One of the more interesting components of the 10gR2 instrumentation improvements is the use of Metric Baselines and Adaptive Thresholds by OEM DB/Grid Control to generate alerts. (There are further improvements in 11g but I’ll address those in a later post.)

Although these features have been designed to be extremely simple to implement without understanding the mechanics, I suspect that most Oracle DBAs still struggle with the concept of implementing something without having some idea how it works (at least I hope so). There are some good technical documents floating around out there (see References below), but I feel they're at one end of the technical spectrum or the other, so this and the next post are intended to bridge the gap as well as showing the features in use. (Harder than you might think, but I'll come back to that.)

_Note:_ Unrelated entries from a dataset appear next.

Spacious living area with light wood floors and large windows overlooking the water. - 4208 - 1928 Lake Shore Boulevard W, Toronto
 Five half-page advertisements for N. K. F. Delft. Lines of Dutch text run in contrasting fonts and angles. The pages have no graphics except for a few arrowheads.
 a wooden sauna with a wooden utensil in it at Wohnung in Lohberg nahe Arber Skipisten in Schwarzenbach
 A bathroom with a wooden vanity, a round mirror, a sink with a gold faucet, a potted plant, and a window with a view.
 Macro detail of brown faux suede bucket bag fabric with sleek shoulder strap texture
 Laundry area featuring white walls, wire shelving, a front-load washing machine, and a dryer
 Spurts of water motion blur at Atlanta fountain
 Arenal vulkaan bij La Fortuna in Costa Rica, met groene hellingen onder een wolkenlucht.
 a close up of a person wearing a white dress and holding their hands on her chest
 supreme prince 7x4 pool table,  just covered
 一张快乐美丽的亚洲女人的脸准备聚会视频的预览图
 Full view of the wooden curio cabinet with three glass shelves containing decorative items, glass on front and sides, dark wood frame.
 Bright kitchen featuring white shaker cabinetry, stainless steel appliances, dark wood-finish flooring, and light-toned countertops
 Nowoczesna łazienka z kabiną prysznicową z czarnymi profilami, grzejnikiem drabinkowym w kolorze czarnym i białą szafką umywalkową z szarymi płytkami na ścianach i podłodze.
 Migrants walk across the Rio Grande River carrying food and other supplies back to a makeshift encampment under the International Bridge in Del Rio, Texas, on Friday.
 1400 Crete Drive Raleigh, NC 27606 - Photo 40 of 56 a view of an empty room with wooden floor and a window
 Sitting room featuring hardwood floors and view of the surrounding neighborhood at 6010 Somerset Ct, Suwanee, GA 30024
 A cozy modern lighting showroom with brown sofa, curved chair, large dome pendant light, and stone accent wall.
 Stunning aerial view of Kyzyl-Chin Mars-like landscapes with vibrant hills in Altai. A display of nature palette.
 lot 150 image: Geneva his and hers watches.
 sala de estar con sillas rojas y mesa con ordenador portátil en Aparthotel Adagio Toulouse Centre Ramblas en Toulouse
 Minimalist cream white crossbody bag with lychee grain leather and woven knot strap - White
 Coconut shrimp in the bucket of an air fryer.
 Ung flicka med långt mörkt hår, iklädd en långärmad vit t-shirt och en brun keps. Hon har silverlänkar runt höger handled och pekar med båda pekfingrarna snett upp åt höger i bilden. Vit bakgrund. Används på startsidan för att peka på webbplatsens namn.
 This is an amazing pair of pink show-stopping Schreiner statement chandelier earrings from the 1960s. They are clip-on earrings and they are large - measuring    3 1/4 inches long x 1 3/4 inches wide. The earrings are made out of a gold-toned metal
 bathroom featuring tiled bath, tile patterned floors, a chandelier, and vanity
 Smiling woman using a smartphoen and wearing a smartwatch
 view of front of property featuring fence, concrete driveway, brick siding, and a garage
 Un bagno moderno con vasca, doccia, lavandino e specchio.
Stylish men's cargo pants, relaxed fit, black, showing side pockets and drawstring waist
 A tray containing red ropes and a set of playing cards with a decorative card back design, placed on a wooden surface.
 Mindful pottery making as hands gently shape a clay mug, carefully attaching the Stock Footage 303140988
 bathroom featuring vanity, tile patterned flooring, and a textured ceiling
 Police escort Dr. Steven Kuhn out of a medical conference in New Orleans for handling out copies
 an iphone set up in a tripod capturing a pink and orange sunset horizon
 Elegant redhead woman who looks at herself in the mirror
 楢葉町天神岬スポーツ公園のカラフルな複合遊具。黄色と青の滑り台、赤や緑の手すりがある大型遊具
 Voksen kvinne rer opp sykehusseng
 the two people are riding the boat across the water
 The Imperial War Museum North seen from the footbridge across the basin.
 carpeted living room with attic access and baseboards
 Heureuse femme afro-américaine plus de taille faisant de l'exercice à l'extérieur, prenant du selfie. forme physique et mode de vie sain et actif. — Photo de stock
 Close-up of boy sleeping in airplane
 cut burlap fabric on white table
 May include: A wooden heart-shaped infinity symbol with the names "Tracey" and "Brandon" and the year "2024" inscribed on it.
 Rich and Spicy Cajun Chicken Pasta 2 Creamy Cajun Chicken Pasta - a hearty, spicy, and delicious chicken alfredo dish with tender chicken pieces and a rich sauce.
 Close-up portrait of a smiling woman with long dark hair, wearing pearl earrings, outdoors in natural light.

How can we use Metric Baselines and Adaptive Thresholds? I’ll try to put it as simply as possible :-

• Generate a baseline of how a system looks during ‘normal’ operation.
• Generate alerts when specific metrics exceed threshold values relative to that baseline.

There’s quite a bit more to it than that, as I hope will become apparent.

But first, a warning. This is not about system optimisation – that happened during the design, development, test and initial implementation phases, right? ;-) – but about monitoring and capturing unexpected variance in performance indicators. Because even with an optimised application and hardware infrastructure  that generally meets requirements ...

• … a new Execution Plan could be produced for a SQL statement because of an overnight change in object statistics.
• … a failed cache battery somewhere in the storage infrastructure could cause a sudden increase in I/O times.
• … you could encounter a larger number of concurrent users than the system has handled before or was designed for.

I've seen all of these and more and I’m sure you’ve experienced plenty of your own. So there's no denying that it’s important to implement an optimised system first and foremost but, even when you’ve done so, something will go wrong one day. I’m probably making up my own phrases for things again, but I think these tools cover the areas of Performance Monitoring and Troubleshooting, rather than Performance Tuning (or Optimisation).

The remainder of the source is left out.